When I run for all the right reasons I have my best runs and by the light of the full moon I saw life clearly.
I knew from the gun that the lead group was going to beyond me this year, but there was a second group that I wanted to stay close with. I fell a few strides off from them in the first miles as I was burning up and questioning my clothing, lighting, fueling, and sanity. What was I thinking I wasn’t strong enough to keep this pace in these conditions. Then, I did what I do and started to settle in about 4 miles in. I went around the girls, and three high school boys, they came back up on me, I stayed calm, and in less than a half mile I strongly went around them and didn’t see them again.
I then ran on by myself, finding my strength, finding my peace.
With the flashing lights of the fire truck signaling the last turn before coming upon the half way point I was having fun. I couldn’t see anyone in front of me, but I knew I was running strong and because I knew the course I believed I could hang in there. I came up to the half-way and heard my name being called out. Marcus had made his way to the exchange to hand me a swig of not frozen water and to let me know I wasn’t that far off the lead group.
I hadn’t really come to “compete” but there is a part of me that always hears my dad in my head, “better to sweat stink and win than to sweat stink and lose.” And so I took off.
At no point did I really think I could catch that front group, but his words, his tone, and his belief in me gave me what no Gu could and I picked up the pace to be the person and the runner he believes me to be.

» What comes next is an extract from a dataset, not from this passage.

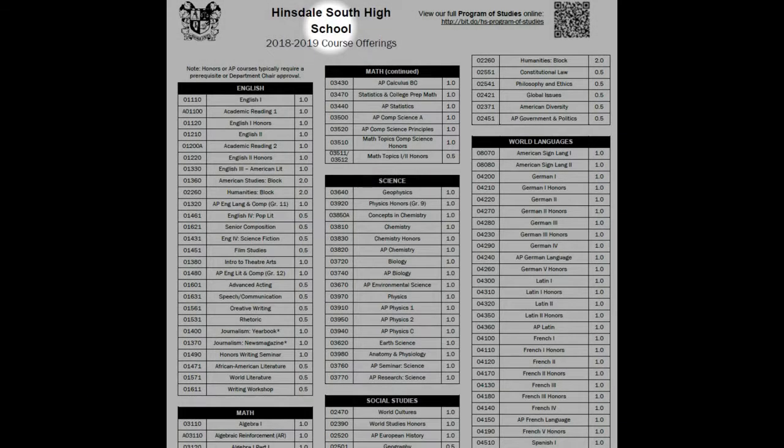Hi, this is Jim Dickerson from the Counseling Department. Let's take a look at the course offering sheet. This document lists all of the classes offered at Hinsdale South High School. Each content area has its own section on this list. The leftmost column lists the course code, the middle column shows the course name, and the rightmost column lists the credit value for the course. A class worth one credit is a full-year class, and a class worth 0.5 credits is a one-semester or half-year class.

The second half of this course is a beautiful and open road of moon-lit shimmering snow that I can never get enough of taking in. There are stretches where the moon is my headlamp and the stars represent the prayers and intentions I lift up. I run because I can. I run because I know I’m strong and that by running I some how make sense of me. I work out problems and I pray for those in my life that I can help in no other way………I only hope that they feel a blanket of comfort being wrapped around them as I run, and run, and run, and that warmth nourishes them and they are strengthened………
I ran fast, I ran strong, I ran prayerful, I ran hopeful, I ran Groovy.
I crossed the finish line with nothing left to give and told Marcus, “I tried, I never slowed down, i tried, I couldn’t catch them, but I tried.”
Running is a metaphor for life and sometimes we put it all out there and we fall short. Sometimes though, where we fall is really where we are meant to land.